TASK INSTRUCTIONS:
Any pictures in the records below must be left out when you repeat the lines from the line containing "this 640×480 image." through the line containing "this 852×639 image." exactly.

LISTED RECORDS:
== Segment start ==

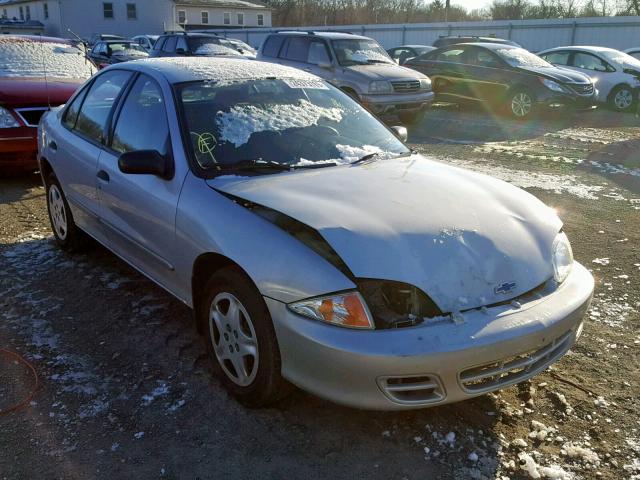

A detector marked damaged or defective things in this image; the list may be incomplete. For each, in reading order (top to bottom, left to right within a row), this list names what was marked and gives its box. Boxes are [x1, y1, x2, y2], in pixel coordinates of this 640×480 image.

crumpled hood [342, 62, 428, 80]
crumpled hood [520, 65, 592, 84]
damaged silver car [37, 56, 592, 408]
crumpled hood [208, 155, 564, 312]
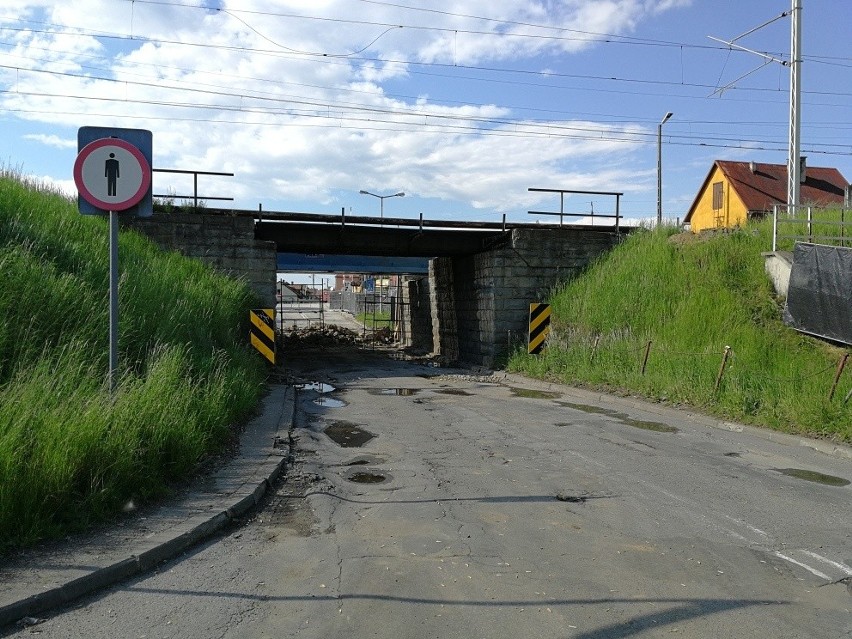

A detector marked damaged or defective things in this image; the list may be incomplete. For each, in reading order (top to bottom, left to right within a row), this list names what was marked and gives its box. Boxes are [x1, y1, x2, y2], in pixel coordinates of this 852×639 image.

== Segment end ==
== Segment start ==

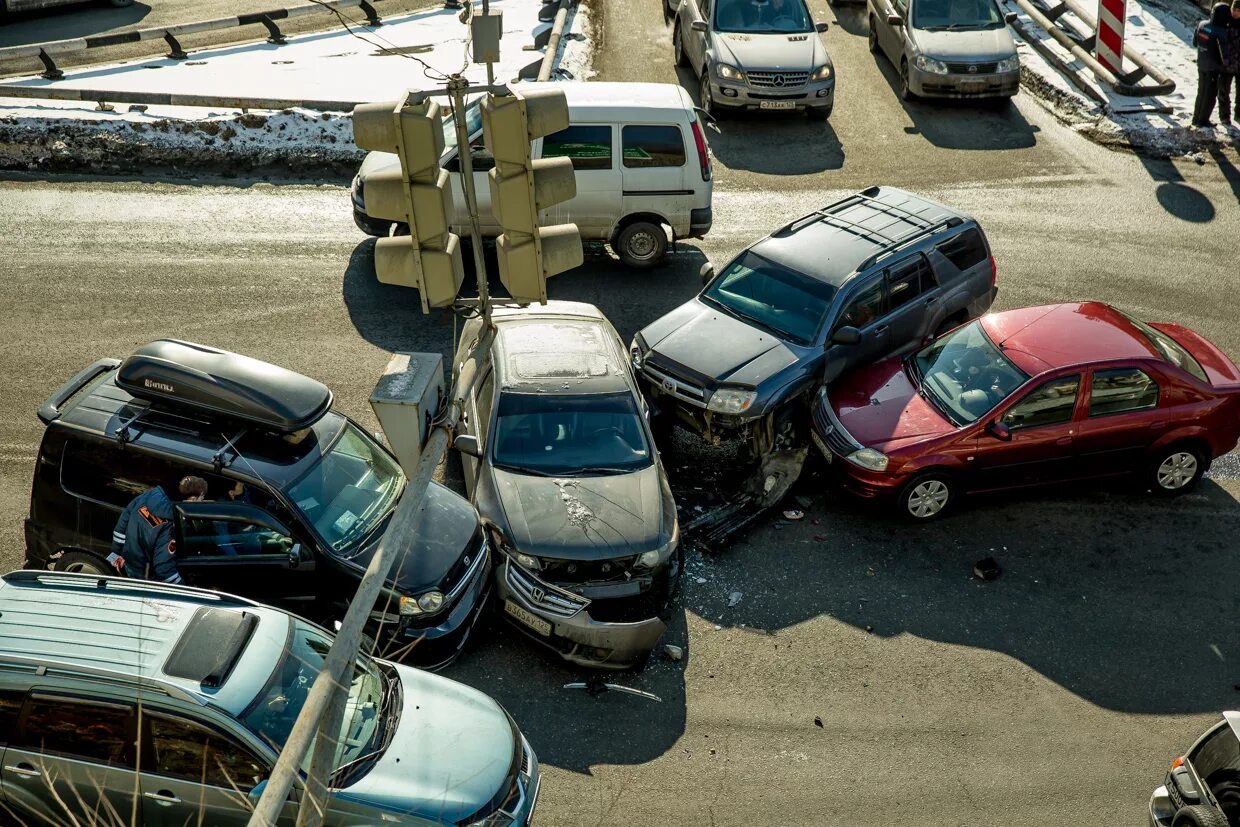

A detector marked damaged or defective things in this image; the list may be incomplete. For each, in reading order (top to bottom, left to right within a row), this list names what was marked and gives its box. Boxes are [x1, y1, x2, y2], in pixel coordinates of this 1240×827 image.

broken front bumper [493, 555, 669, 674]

== Segment end ==

WRITTEN RESPONSE:
A detector marked damaged or defective things in this image; the list may be incomplete. For each, in reading order (top to bottom, left to right within a row), this list names what was marked and gives its box. Boxes are [x1, y1, x2, y2], in pixel coordinates of this 640×480 image.

crumpled hood [342, 62, 428, 80]
crumpled hood [520, 65, 592, 84]
damaged silver car [37, 56, 592, 408]
crumpled hood [208, 155, 564, 312]

A detector marked damaged or defective things in this image; the list may be incomplete. For each, in reading order (top to bottom, left to right within a row), this list names what was marked and gives its box. Boxes are [x1, y1, x2, y2], in pixel coordinates of this 852×639 image.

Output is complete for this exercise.